De tweede alinea van lid 3 bepaalt dat vanaf een door elke lidstaat zelf te bepalen datum, maar uiterlijk vanaf 1 januari 2007, de in het eerste lid bedoelde afschriften op papier of langs elektronische weg, naar keuze van de aanvrager, van het handelsregister moeten kunnen worden verkregen. Daarbij maakt het niet uit of deze akten en gegevens vóór de gekozen datum of daarna zijn ingediend bij het handelsregister. Verder bepaalt de tweede alinea dat lidstaten kunnen besluiten dat alle – of bepaalde categorieën van – akten en gegevens, die tot uiterlijk 31 december 2006 schriftelijk zijn ingediend, niet langs elektronische weg kunnen worden verkregen, indien zij vóór een vastgestelde termijn voorafgaand aan de datum van aanvraag bij het register zijn ingediend. Deze termijn mag niet korter zijn dan 10 jaar. Dit betekent dat lidstaten kunnen bepalen dat tot en met 31 december 2006 ingediende akten en gegevens niet langs elektronische weg verkrijgbaar zijn, indien zij meer dan 10 jaar vóór de datum van de aanvraag schriftelijk zijn ingediend. Van deze keuzemogelijkheid zal op de volgende wijze gebruik worden gemaakt. In het Hrgb zal worden bepaald dat alle met ingang van 1 januari 1997 gedane opgaven ter inschrijving en neergelegde bescheiden in elektronische vorm worden omgezet in het handelsregister, maar dat voordien gedane inschrijvingen en opgaven alleen in elektronische vorm worden omgezet wanneer om een elektronisch afschrift of uittreksel wordt verzocht.

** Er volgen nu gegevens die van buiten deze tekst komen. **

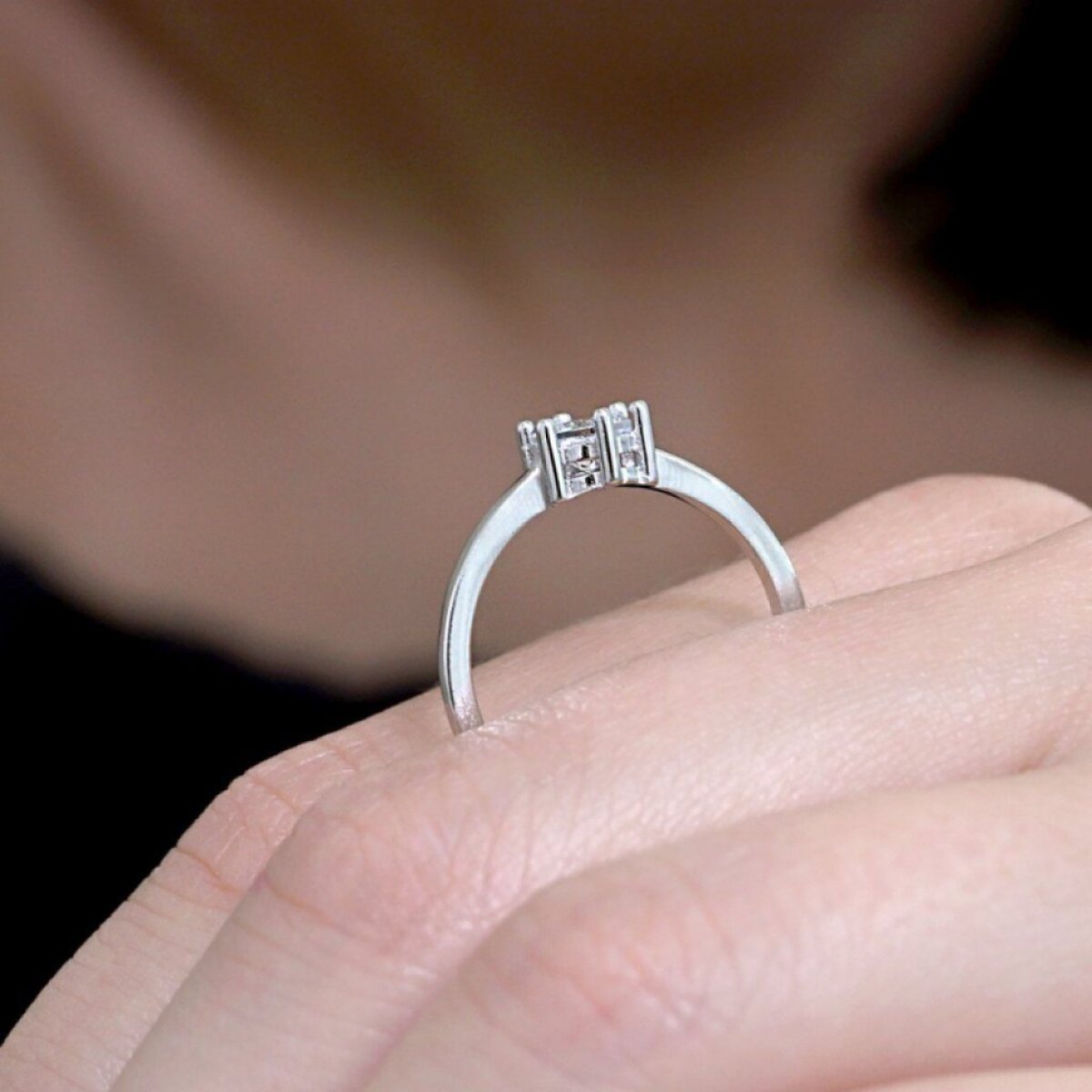 Strieborný prsteň s okrúhlym zirkónom biely 15007.1 crystal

Op grond van de derde alinea mogen de kosten voor de verkrijging van een volledig of gedeeltelijk afschrift van de in artikel 2 bedoelde akten of gegevens, hetzij op papier, hetzij langs elektronische weg, de administratiekosten niet overschrijden. Deze bepaling komt overeen met het oude artikel 3, derde lid, eerste alinea van de Eerste richtlijn, en behoeft geen afzonderlijke implementatie.

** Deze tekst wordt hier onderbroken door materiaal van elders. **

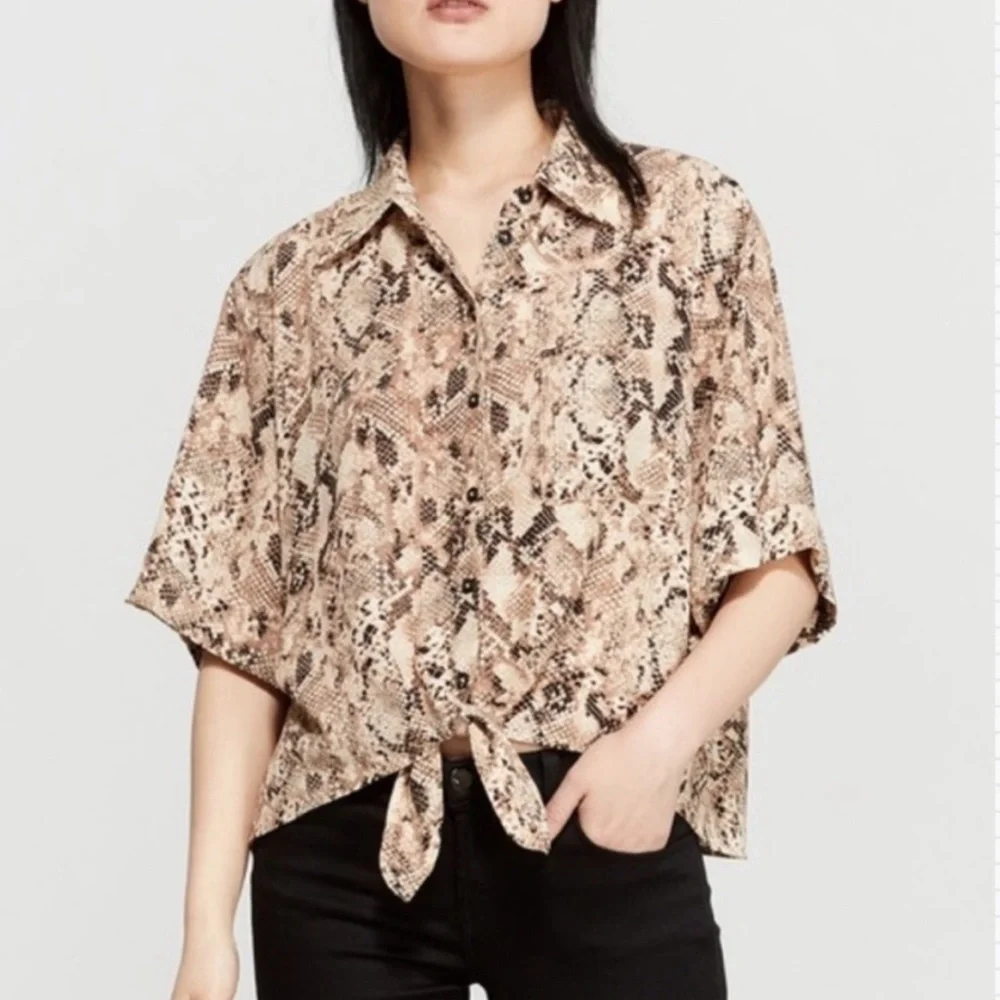 Sanctuary Snakeskin Boxy Front Tie Button Down Blouse Brown Medium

De vierde en vijfde alinea van lid 3 behoeven geen implementatie omdat deze materie elders is geregeld. De nieuwe vierde alinea van lid 3 bevat de bepaling die in het oorspronkelijke artikel 3, derde lid, eerste alinea was neergelegd: in schriftelijke vorm verstrekte afschriften worden gewoonlijk voor eensluidend afschrift gewaarmerkt, tenzij de aanvrager te kennen geeft hierop geen prijs te stellen. Een stelselmatige waarmerking van elektronische kopieën wordt niet door de richtlijn voorgeschreven, omdat een dergelijke bepaling hoge kosten met zich zou kunnen brengen, terwijl elektronische afschriften meestal slechts ter informatie worden aangevraagd. Het waarmerken van elektronische kopieën moet op grond van de richtlijn wel geschieden indien de aanvrager (van informatie) hier uitdrukkelijk om verzoekt. De vijfde alinea werkt dit verder uit. Deze bepaling schrijft voor dat in geval van waarmerking van elektronische kopieën zowel de authenticiteit van de herkomst als de integriteit van de inhoud ervan gewaarborgd moeten worden, door gebruik te maken van tenminste een geavanceerde elektronische handtekening als bedoeld in artikel 2, tweede lid, van richtlijn nr. 1999/93/EG van het Europees Parlement en de Raad van de Europese Unie van 13 december 1999 betreffende een gemeenschappelijk kader voor elektronische handtekeningen (PbEG 13) (hierna: richtlijn elektronische handtekeningen).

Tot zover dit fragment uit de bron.